Architecture overview¶

GitHelp is organized around a simple idea: all sources are converted into the same internal document format before retrieval.

The initial use case is MMORE, but the core pipeline is designed to remain project-agnostic. Project-specific behavior is isolated in optional project profiles.

High-level flow¶

GitHelp schema

Main design choices¶

GitHelp separates the pipeline into clear blocks:

Block	Role
`loaders/`	Load source files that are already documentation-like.
`extractors/`	Extract documentation from source code.
`corpus/`	Combine all sources into one corpus.
`indexing/`	Export and index the corpus with MMORE.
`retrieval/`	Retrieve relevant documents.
`project_profiles/`	Hold optional project-specific query expansion, filtering, reranking, and direct answers.
`rag/`	Build prompts and generate answers.
`projects/`	Manage selected projects, generated project configs, and persisted app state.
`app/`	Streamlit user interface.

Why keep a GitHelp format?¶

GitHelp uses its own DocumentRecord format instead of exposing MMORE everywhere.

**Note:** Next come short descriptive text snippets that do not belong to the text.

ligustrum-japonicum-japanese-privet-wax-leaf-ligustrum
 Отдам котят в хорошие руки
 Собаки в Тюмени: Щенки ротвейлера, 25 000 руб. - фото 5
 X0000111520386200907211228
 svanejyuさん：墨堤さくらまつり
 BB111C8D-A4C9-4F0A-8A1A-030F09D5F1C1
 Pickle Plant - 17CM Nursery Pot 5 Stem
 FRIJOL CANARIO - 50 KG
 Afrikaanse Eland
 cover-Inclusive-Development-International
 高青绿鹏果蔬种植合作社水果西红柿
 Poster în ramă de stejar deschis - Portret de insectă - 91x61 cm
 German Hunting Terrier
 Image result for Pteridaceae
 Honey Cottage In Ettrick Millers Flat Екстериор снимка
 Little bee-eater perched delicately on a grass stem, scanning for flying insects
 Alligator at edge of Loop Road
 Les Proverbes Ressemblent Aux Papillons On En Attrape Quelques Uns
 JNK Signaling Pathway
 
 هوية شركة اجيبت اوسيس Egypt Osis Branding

This keeps the project modular:

the corpus can be inspected before indexing;
the simple retriever can run without MMORE;
MMORE can be replaced or updated without rewriting loaders;
retrieved sources keep consistent metadata for citations;
Streamlit can work with project-specific corpora before MMORE indexing is available.

Simple backend vs MMORE backend¶

The simple backend reads a selected corpus.jsonl directly. It is useful for:

local development;
direct checks of newly built project corpora;
debugging retrieval quality;
avoiding MMORE indexing.

The mmore backend is the main MMORE workflow. It retrieves from an MMORE index when native retrieval succeeds, and it can fall back to the exported mmore_corpus.jsonl if the local native process fails. That fallback is lexical and does not use native MMORE/Milvus vector search.

The full MMORE workflow is:

Build corpus → export MMORE corpus → build MMORE index → use backend mmore

For code-, symbol-, and filename-oriented questions, the high-level answering pipeline may merge lexical candidates from the simple retriever with MMORE candidates before applying the project profile.